Barring Chinese financial institutions from using US dollars – perhaps in response to a future attack on Taiwan – could leave them unable to make the required interest payments on their bonds, S&P said. Of 170 bond offerings by Chinese banks, investment firms and insurance companies over the past three years, none allow repayment in a currency other than the dollar, the ratings agency said.

National security alarms mounted about investments that were once there have already cooled.

BlackRock, which manages more than $10 trillion in assets, has scrapped plans to market a new fund to invest in Chinese government bonds, fearing it would upset anti-China partisan sentiment in Washington, according to the Financial Times.

It’s easy to see why the firm balked: This week, the House Financial Services Committee held a hearing on the potential national security risks of allowing US funding to “competitors and foreign conflicts”.

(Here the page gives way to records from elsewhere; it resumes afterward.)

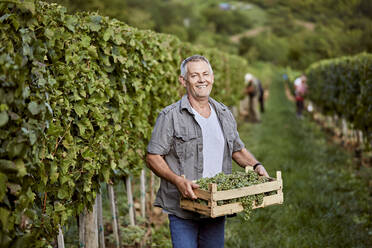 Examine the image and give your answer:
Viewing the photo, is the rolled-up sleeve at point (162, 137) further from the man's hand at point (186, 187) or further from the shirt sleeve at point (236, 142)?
the shirt sleeve at point (236, 142)

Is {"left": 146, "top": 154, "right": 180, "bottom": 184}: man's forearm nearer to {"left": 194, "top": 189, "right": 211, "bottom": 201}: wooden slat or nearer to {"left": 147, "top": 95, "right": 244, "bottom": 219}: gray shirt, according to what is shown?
{"left": 147, "top": 95, "right": 244, "bottom": 219}: gray shirt

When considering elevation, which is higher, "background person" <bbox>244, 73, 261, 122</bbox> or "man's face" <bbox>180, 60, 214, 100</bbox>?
"background person" <bbox>244, 73, 261, 122</bbox>

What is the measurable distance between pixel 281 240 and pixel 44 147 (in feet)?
11.6

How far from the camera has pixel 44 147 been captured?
270 centimetres

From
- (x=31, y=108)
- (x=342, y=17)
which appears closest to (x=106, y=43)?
(x=31, y=108)

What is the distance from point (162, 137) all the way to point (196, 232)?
778 mm

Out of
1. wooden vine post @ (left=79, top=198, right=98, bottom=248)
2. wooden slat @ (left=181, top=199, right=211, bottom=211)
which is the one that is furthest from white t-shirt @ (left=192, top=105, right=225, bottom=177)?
wooden vine post @ (left=79, top=198, right=98, bottom=248)

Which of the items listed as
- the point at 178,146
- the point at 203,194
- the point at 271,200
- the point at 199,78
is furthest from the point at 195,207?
the point at 199,78

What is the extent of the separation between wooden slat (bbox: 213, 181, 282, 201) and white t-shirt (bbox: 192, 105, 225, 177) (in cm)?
32

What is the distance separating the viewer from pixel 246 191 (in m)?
2.81

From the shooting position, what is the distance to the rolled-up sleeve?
9.55 feet

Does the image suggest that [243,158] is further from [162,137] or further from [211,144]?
[162,137]

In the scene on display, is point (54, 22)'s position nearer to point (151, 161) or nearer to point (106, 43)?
point (106, 43)

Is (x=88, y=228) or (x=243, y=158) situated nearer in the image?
(x=243, y=158) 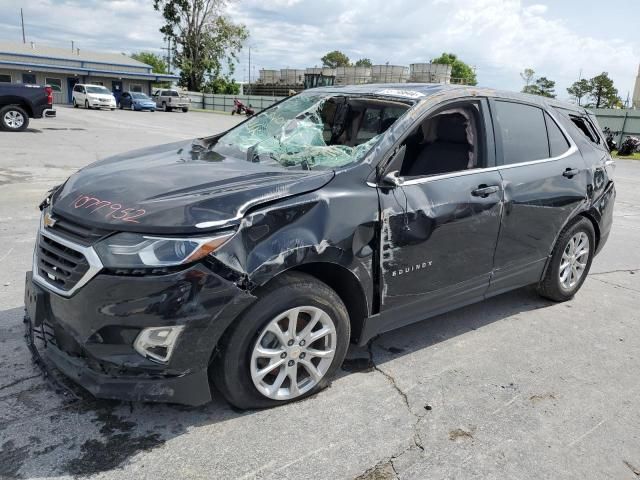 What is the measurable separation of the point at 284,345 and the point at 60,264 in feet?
3.87

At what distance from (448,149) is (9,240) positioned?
4.57 metres

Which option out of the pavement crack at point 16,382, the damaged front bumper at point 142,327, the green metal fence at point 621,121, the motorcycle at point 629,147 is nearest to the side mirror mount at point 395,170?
the damaged front bumper at point 142,327

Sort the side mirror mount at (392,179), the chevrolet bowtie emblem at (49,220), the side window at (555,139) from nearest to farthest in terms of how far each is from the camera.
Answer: the chevrolet bowtie emblem at (49,220) → the side mirror mount at (392,179) → the side window at (555,139)

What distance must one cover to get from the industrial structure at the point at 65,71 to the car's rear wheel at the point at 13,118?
104ft

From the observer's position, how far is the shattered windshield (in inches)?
136

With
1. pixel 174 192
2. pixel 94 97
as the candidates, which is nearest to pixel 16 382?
pixel 174 192

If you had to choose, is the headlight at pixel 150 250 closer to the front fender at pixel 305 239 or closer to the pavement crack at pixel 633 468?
the front fender at pixel 305 239

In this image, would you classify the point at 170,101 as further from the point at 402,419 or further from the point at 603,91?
the point at 603,91

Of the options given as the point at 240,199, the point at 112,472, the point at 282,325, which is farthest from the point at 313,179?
the point at 112,472

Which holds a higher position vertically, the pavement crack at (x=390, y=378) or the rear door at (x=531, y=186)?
the rear door at (x=531, y=186)

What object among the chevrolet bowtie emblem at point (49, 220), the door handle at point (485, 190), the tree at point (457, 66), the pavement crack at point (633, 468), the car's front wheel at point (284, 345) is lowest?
the pavement crack at point (633, 468)

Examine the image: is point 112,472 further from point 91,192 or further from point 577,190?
point 577,190

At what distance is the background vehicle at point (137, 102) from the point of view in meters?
39.2

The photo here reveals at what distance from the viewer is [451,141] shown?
3863 millimetres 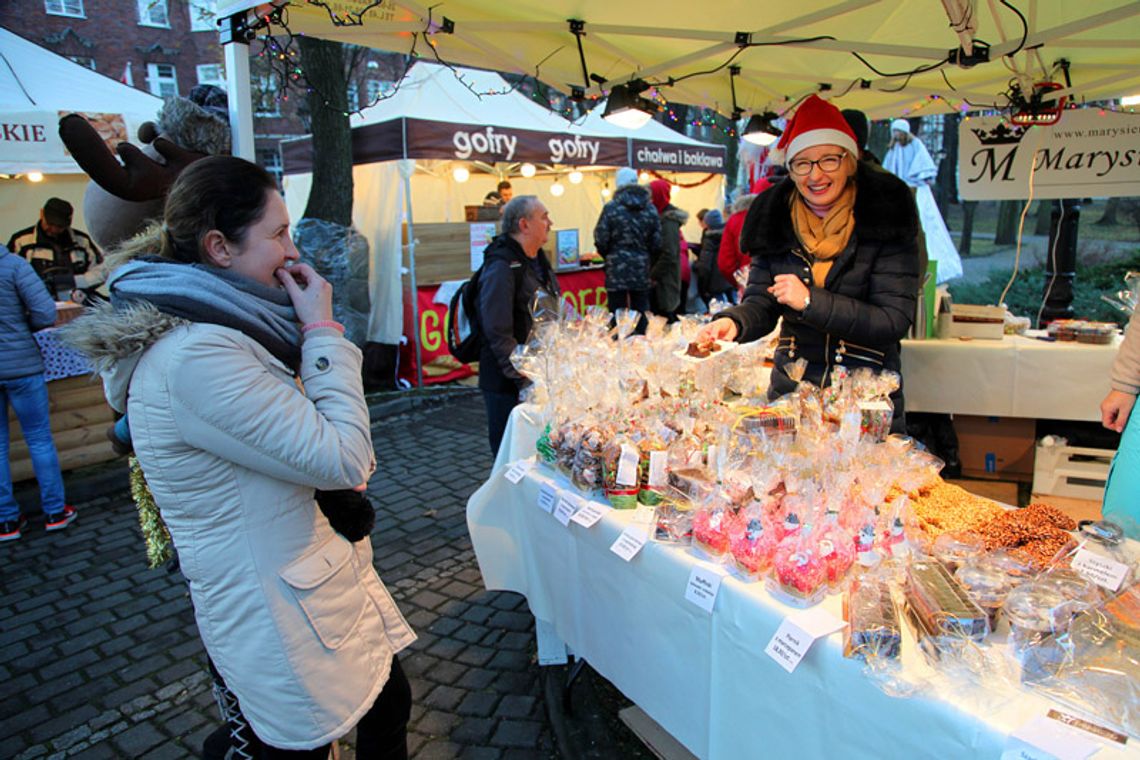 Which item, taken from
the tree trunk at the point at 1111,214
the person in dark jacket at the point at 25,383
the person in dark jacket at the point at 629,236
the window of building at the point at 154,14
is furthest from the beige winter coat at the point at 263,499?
the window of building at the point at 154,14

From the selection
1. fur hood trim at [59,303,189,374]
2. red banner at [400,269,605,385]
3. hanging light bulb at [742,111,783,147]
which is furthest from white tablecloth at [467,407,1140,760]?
red banner at [400,269,605,385]

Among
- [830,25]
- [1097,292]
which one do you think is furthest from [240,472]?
[1097,292]

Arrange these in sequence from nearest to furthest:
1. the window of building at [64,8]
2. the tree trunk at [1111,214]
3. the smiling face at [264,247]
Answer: the smiling face at [264,247]
the tree trunk at [1111,214]
the window of building at [64,8]

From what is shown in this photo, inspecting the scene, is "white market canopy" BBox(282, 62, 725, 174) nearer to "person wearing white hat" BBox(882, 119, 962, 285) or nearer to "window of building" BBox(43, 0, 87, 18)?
"person wearing white hat" BBox(882, 119, 962, 285)

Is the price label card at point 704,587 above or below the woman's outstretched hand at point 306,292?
below

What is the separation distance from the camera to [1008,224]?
14.3 m

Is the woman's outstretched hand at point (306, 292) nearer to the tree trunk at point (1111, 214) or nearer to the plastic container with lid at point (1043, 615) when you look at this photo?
the plastic container with lid at point (1043, 615)

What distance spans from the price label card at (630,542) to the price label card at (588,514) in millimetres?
137

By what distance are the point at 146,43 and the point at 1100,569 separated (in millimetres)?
31244

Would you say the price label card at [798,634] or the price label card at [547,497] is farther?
the price label card at [547,497]

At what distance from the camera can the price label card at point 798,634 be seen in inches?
55.7

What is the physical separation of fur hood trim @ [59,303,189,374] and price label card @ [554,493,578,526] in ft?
4.13

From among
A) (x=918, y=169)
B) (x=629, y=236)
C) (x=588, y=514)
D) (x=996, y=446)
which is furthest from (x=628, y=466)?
(x=918, y=169)

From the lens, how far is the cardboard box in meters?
4.49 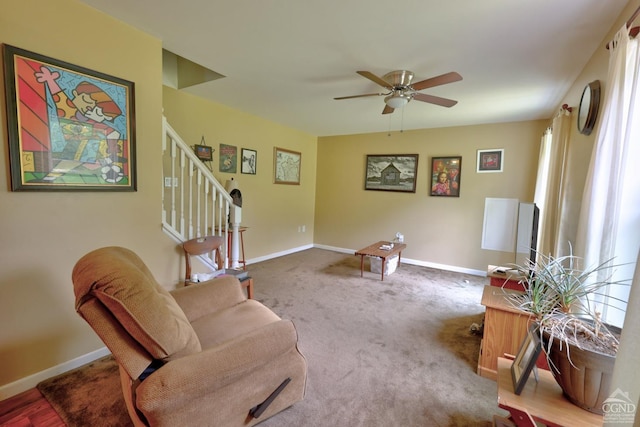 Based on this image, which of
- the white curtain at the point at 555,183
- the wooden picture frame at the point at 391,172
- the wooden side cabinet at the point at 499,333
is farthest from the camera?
the wooden picture frame at the point at 391,172

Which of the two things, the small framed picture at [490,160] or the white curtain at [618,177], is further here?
the small framed picture at [490,160]

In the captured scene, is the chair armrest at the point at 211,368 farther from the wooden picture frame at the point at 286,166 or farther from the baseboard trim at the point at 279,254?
the wooden picture frame at the point at 286,166

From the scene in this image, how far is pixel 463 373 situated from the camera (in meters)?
2.01

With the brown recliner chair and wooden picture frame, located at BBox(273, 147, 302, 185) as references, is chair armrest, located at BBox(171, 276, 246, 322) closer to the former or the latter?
the brown recliner chair

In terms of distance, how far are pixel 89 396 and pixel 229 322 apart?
926 millimetres

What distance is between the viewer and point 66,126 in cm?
174

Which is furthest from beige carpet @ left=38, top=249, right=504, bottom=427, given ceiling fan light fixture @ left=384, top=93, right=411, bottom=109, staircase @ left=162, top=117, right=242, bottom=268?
ceiling fan light fixture @ left=384, top=93, right=411, bottom=109

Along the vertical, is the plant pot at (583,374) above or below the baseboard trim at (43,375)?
above

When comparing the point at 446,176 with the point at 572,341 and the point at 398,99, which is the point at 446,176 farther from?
the point at 572,341

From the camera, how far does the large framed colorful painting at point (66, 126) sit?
5.15 feet

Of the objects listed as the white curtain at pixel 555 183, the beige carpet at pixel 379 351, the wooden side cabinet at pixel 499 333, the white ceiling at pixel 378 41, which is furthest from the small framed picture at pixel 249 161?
the white curtain at pixel 555 183

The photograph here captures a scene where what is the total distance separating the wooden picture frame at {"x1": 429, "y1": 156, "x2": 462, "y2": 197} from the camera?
453 centimetres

If some investors are afraid of Washington’s reaction, others are worried about political developments in China. Tiger Global Management, an American investment firm, reduced its holdings of Chinese stocks after Xi last month broke with recent norms and began a third term as China’s president – leading some analysts to believe that he plans to rule indefinitely.

The company turned to Chinese investments because of rising geopolitical tensions and the economic fallout from a strict zero-covid-19 policy, according to a person familiar with the decision who spoke on condition of anonymity to discuss the company’s internal discussions. .

Following the recent 20th Congress of the Communist Party of China, investors are concerned that market-oriented economic development is no longer a priority for the government. Instead, Xi is expanding the state’s role in the economy and cementing one-man rule.

“The biggest open question is whether China is a safe environment for foreign investors,” Carl Weinberg, chief economist for High Frequency Economics, wrote in a client note on Tuesday.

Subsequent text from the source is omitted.